→ **Dataset excerpts**

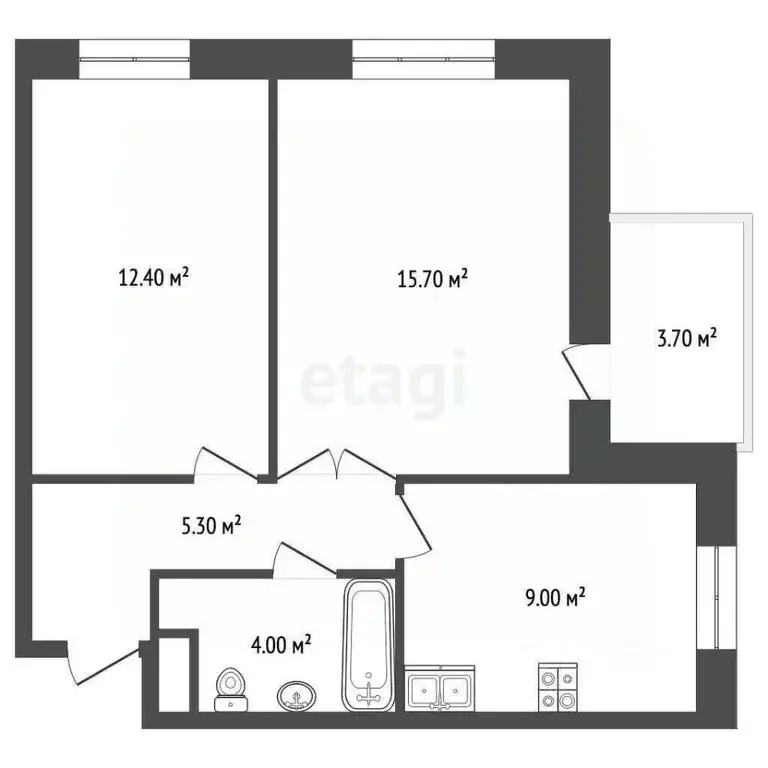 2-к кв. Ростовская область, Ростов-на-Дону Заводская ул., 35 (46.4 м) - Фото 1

---

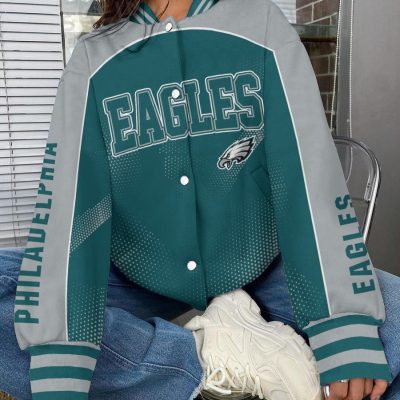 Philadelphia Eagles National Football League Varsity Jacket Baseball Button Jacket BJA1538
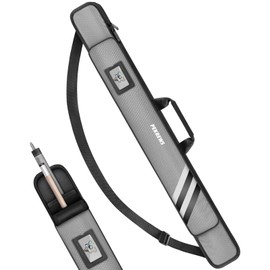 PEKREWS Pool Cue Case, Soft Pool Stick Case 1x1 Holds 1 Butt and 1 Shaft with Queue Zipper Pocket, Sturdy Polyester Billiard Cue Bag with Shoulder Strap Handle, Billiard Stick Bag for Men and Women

→ **Problem statement**
Above are some entries; copy exactly the lines from the line with "Philadelphia Eagles National" through the line with "PEKREWS Pool Cue", both included, but none of the pictures.

→ **Reply**
 Philadelphia Eagles National Football League Varsity Jacket Baseball Button Jacket BJA1538
 PEKREWS Pool Cue Case, Soft Pool Stick Case 1x1 Holds 1 Butt and 1 Shaft with Queue Zipper Pocket, Sturdy Polyester Billiard Cue Bag with Shoulder Strap Handle, Billiard Stick Bag for Men and Women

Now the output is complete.